Time as an excuse

Time is a concept that serves as a great excuse for many people.Typically it comes up as “I don’t have time.” Yes, there is a more unconscious excuse regarding time where the past is pulled into the future. Both excuses create significant limitations and often suffering.

I remember learning about Kāla tattva during my 300-hour yoga teacher training. It is one of 36 tattvas, or elements of reality. This particular element is one of five limitations called konchukas. These fascinated me as I recognized them as the core excuses we all use in some form as self-limiting behavior. Kāla tattva limits eternity, creating the phenomenon of time, dividing all experience into past, present, and future.

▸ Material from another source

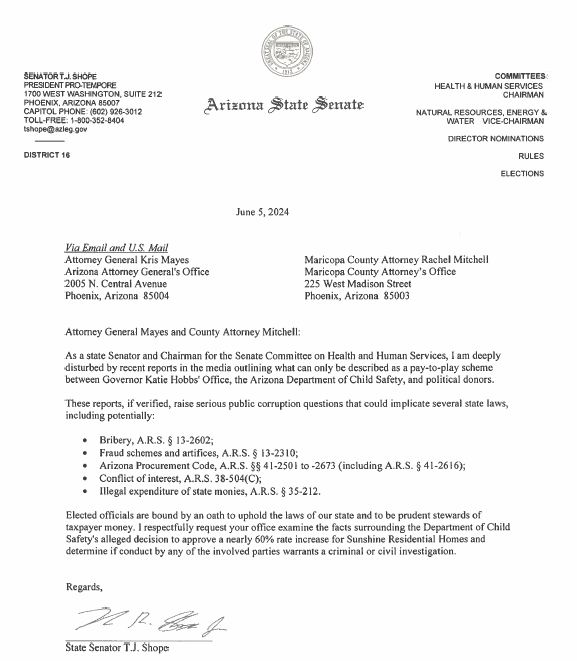 sbarchenger's tweet photo. AZ GOP Sen. @TJShope asks @AZAGMayes and @Rachel1Mitchell to look into DCS' approval of rate increases for Sunshine Residential Homes. The group argued for more money as it gave six-figures to AZ Dems and Hobbs. Background: https://t.co/W0VF0QGguP via @azcentral https://t.co/R1lPoyOd5Z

Have you ever experienced something so painful that you said, “I never want to feel that way again”? That statement is like programming in the worst route possible into an internal GPS. The subconscious mind will avoid all situations that could possibly create such pain. Thus, the past is pulled into the future, by-passing the present.

Here’s a simple example that I have seen a lot over my decades in health and fitness. If your mom overcooked veggies when you were a child, you likely have an aversion to veggies as an adult. A truly unfortunate situation because veggies are nutritious and also delicious when prepared well.  No two moments are the same, though. What happened before is never guaranteed to happen again, yet we make subconscious decisions based on the fear of them happening.

When your brain is mapping every experience compared to the past, that feeling of “why is this happening again” arises, even if the situation is different. Getting stuck here is really easy to do. Distraction and numbing become a far easier choice than figuring out the answer to that feeling.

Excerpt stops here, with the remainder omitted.